COURT OF APPEALS OF VIRGINIA
Present: Judges Koontz, Fitzpatrick and Senior Judge Duff
Argued at Alexandria, Virginia
JOSE ROBERT RAMIREZ
v. Record No. 2487-93-4 OPINION BY
JUDGE CHARLES H. DUFF
COMMONWEALTH OF VIRGINIA MAY 2, 1995
FROM THE CIRCUIT COURT OF FAIRFAX COUNTY
J. Howe Brown, Judge
James C. Love, IV (Love, Kielsgard & Associates, on
brief), for appellant.
Michael T. Judge, Assistant Attorney General (James S.
Gilmore, III, Attorney General, on brief), for
appellee.
Jose Robert Ramirez (appellant) was convicted of rape. He
argues in this appeal that the trial court erred in denying his
request for a subpoena duces tecum directed to the Fairfax County
Department of Social Services (DSS). We disagree and affirm the
judgment of the trial court.
Appellant was indicted for the rape of his juvenile daughter
occurring "[o]n or between the 1st day of September, 1991, and
the 31st day of October, 1991." He had threatened his daughter
by telling her that if she told anyone about the incident, he
would send her to El Salvador and make her mother's life
miserable. The victim did not tell anyone until the spring of
1993, when she told her grandmother. The victim then spoke to
Investigator Promisel (Promisel) of the Fairfax County Police
Department and Child Protective Services social worker Millie
Campbell (Campbell).
At her mother's insistence, the victim called Campbell to
report that the 1991 rape claim was untrue. The victim later
told Promisel that her mother told her to say the report about
the rape was a lie and threatened to kill herself if the victim
went forward with the case.
Prior to trial, appellant filed a motion, pursuant to Rule
3A:12(b), requesting a subpoena duces tecum directed to DSS and
Promisel, "commanding them to deliver all documents, records,
reports, statements, letters, recordings, witness statements,
investigative reports, photographs, or other writings or items
relating to the allegations of defendant's misconduct toward [the
victim]."
At a hearing on appellant's motion, the court found DSS to
be an agent of the Commonwealth, investigating the subject of the
case, and denied the requested subpoena. The court, however,
noted that, pursuant to a previously entered discovery order, if
the Commonwealth was aware of the existence of any exculpatory
materials, it was required to disclose them to appellant. The
Commonwealth's discovery response contained information that
"[t]he victim called Child Protective Services and stated that
she wanted to withdraw her accusation. Upon meeting with Millie
Campbell and Investigator Promisel, the victim advised that she
was raped, but her mother had been trying to get her to recant."
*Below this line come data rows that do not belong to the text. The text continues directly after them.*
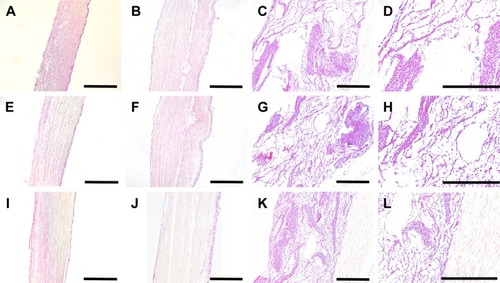 Figure 7 HE-stained histology images show BMSCs’ distribution on different scaffolds up to 14 days.Notes: AFS (A, E, and I), AYS (B, F, and J), and HS (C, D, G, H, K, L) at days 3 (A–D), 7 (E–H), and 14 (I–L), respectively. Panels (D, H, and L) were local amplification images of (C, G, and K). Scale bars: 200 μm for all images.Abbreviations: AFS, aligned nanofiber scaffolds; AYS, aligned nanoyarn scaffolds; BMSCs, bone marrow-derived mesenchymal stem cells; HE, hematoxylin and eosin; HS, hybrid scaffold.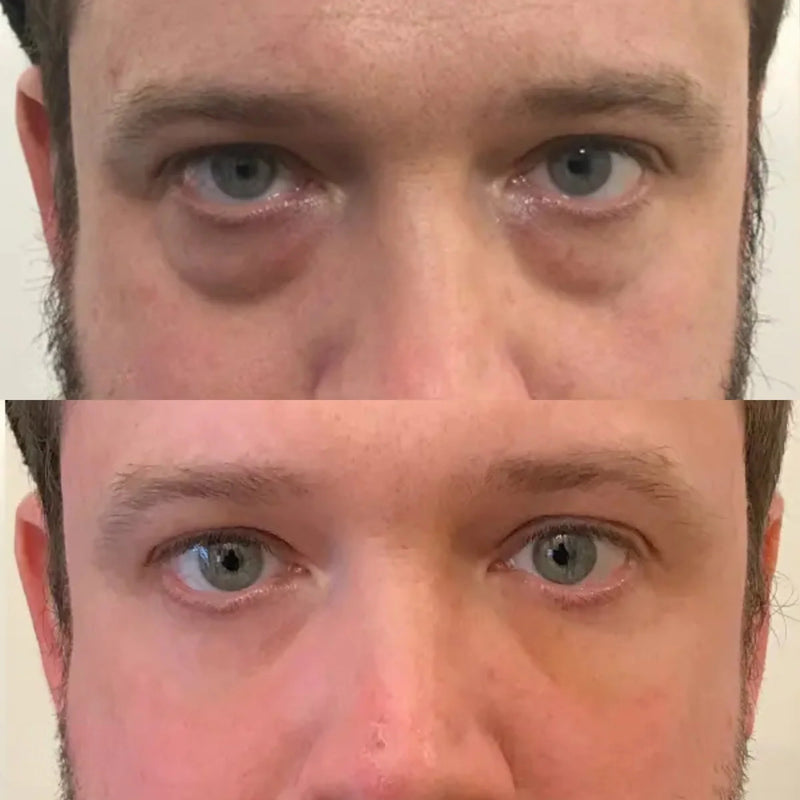 Customer before and after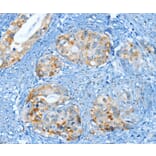 Immunohistochemistry - MUC15 Antibody from Signalway Antibody (35635) - Antibodies.com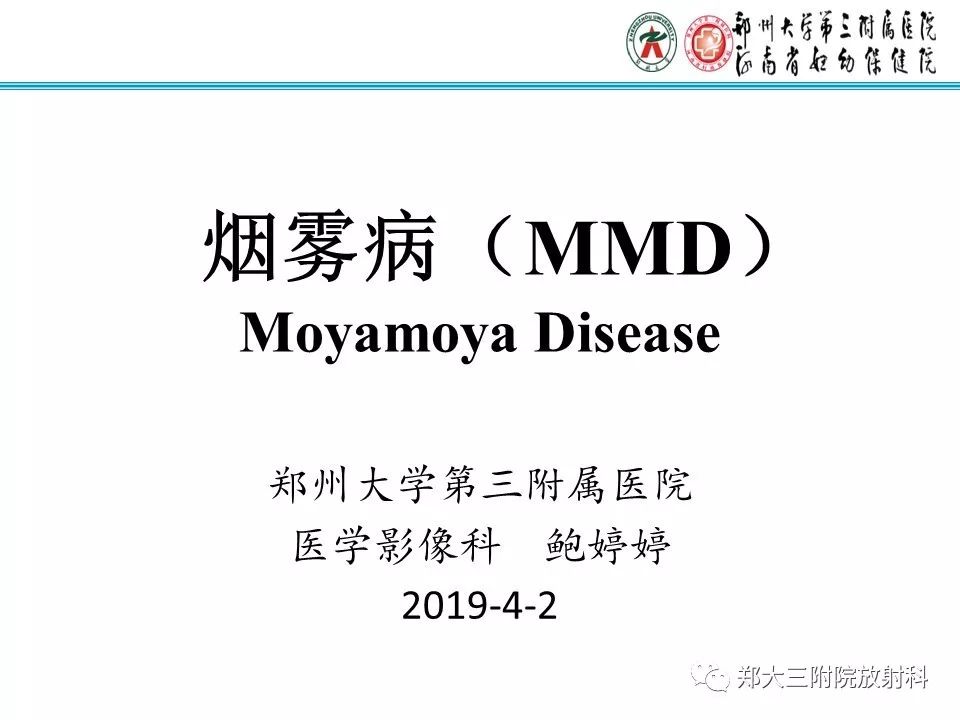 【PPT】烟雾病的影像诊断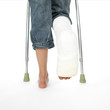 girl with a broken leg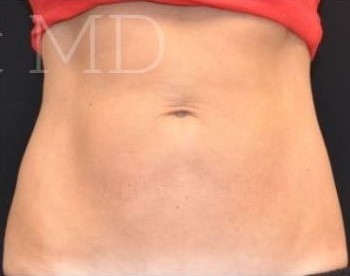 After Image: Abdomen - front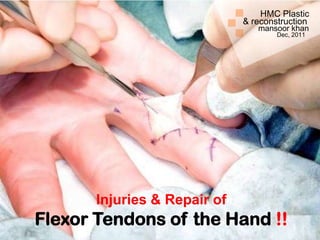 HMC Plastic
                              & reconstruction
                                 mansoor khan
                                      Dec, 2011




       Injuries & Repair of
Flexor Tendons of the Hand !!
 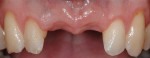 Figure 27  Preoperative view of a healed ridge withvertical loss of gingival height. Note the blunting of the papilla on the adjacent teeth, which limits the post-restoration implant papilla height that can be expected.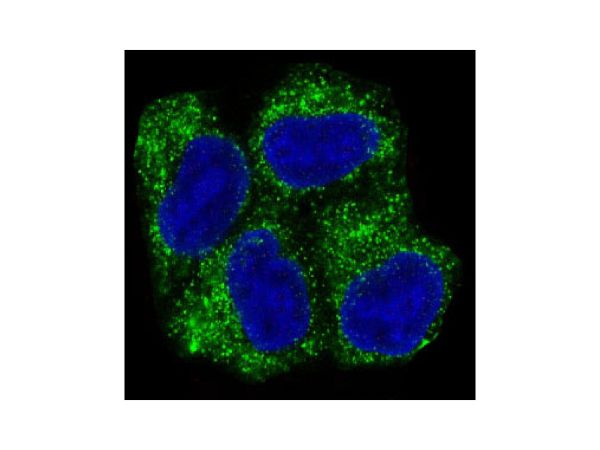 aladdin 阿拉丁 Ab088655 Recombinant AMPK alpha 1 Antibody Recombinant (R02-3H6); Rabbit anti Human AMPK alpha 1 Antibody; WB, IHC, ICC, IF; Unconjugated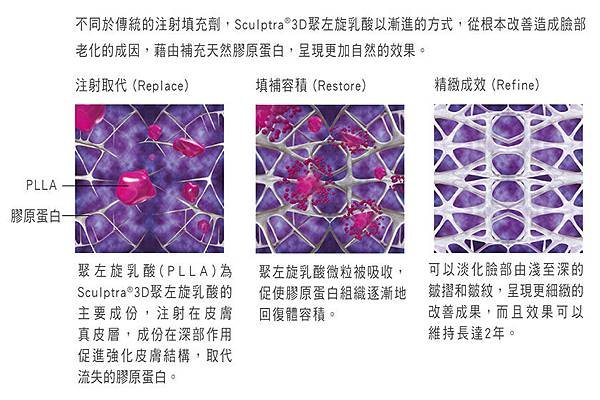 童顏針3.jpg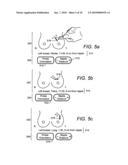 USER INTERFACE FOR ULTRASOUND MAMMOGRAPHIC IMAGING diagram and image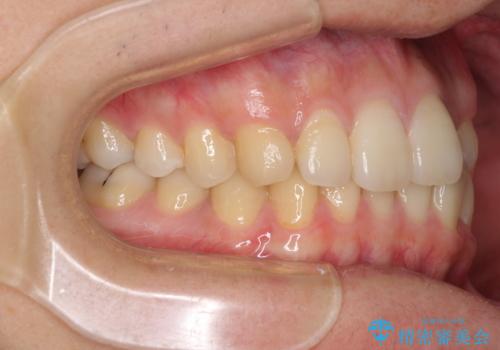 前歯のクロスバイトと抜歯が必要な奥歯の虫歯 インビザラインとインプラント治療の治療前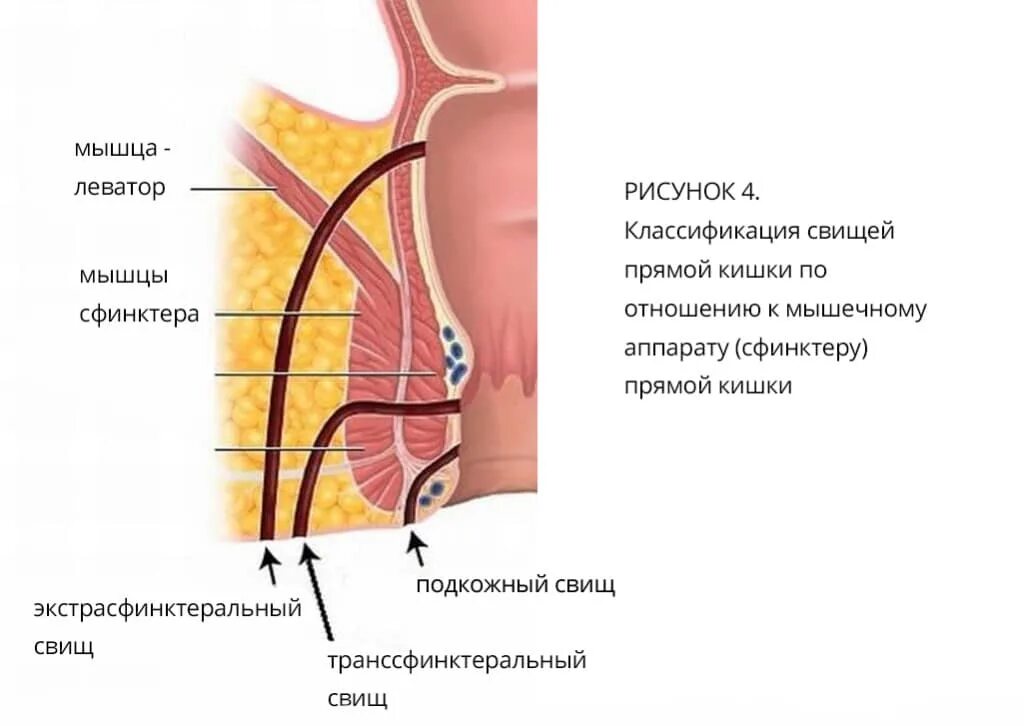 Экстрасфинктерные свищи прямой кишки. Транссфинктерные свищи прямой кишки. Передний транссфинктерный свищ.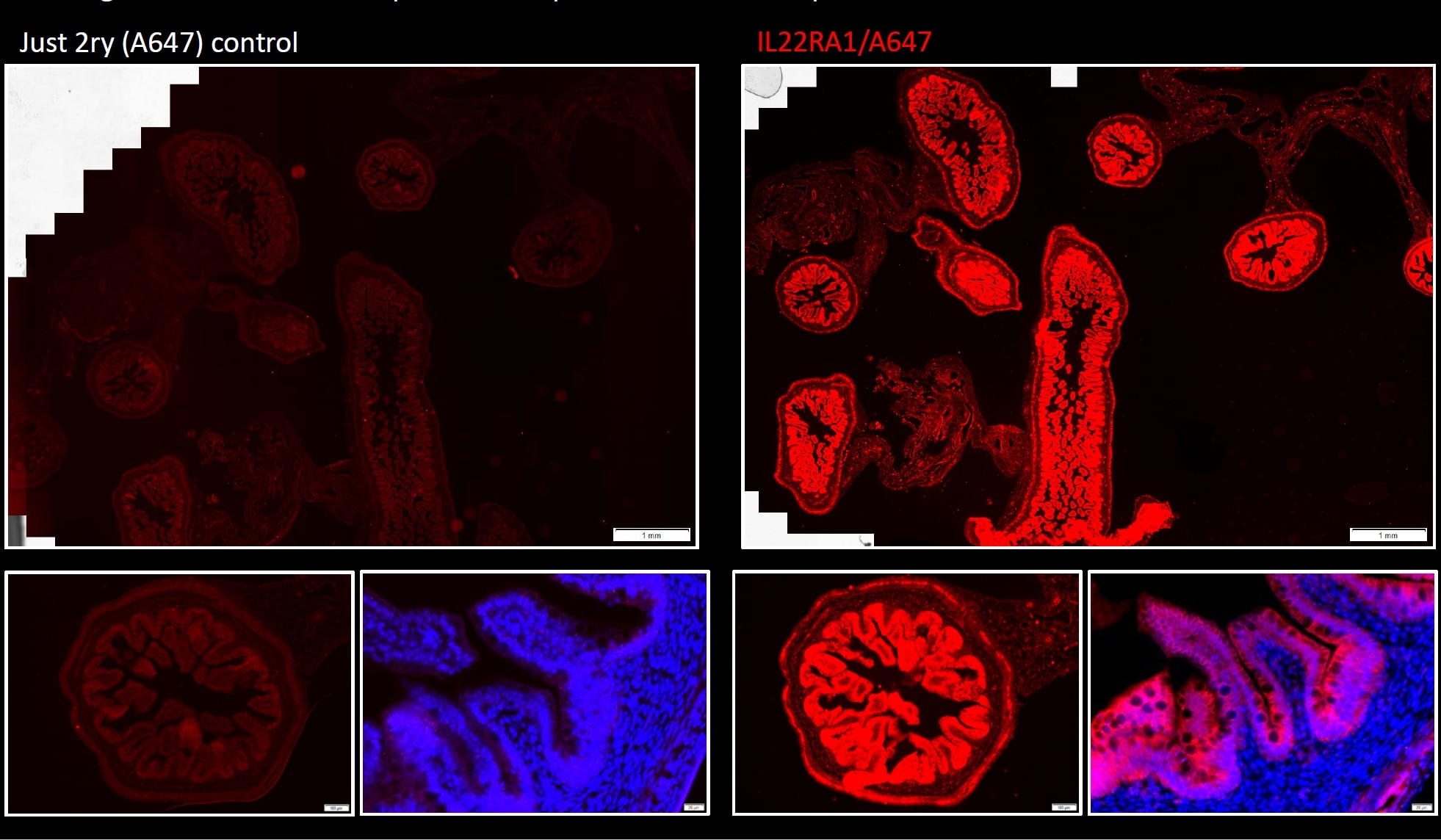 Immunofluorescence (IF) / fluorescent staining of human gut using IL-22RA1 Polyclonal antibody (13462-1-AP)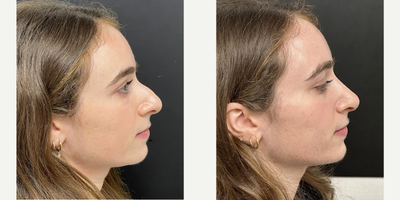 Woman treated with Rhinoplasty - Woman treated with Rhinoplasty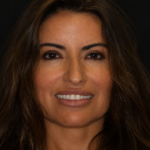 Andrea Smile Gallery 1 thumbnail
"[T]here is no general constitutional right to discovery in
a criminal case." Spencer v. Commonwealth, 238 Va. 295, 303, 384
S.E.2d 785, 791 (1989), cert. denied, 493 U.S. 1093 (1990)
(citations omitted). Rule 3A:11 provides for limited pretrial
discovery by a defendant in a felony case. Hackman v.
Commonwealth, 220 Va. 710, 713-14, 261 S.E.2d 555, 558 (1980).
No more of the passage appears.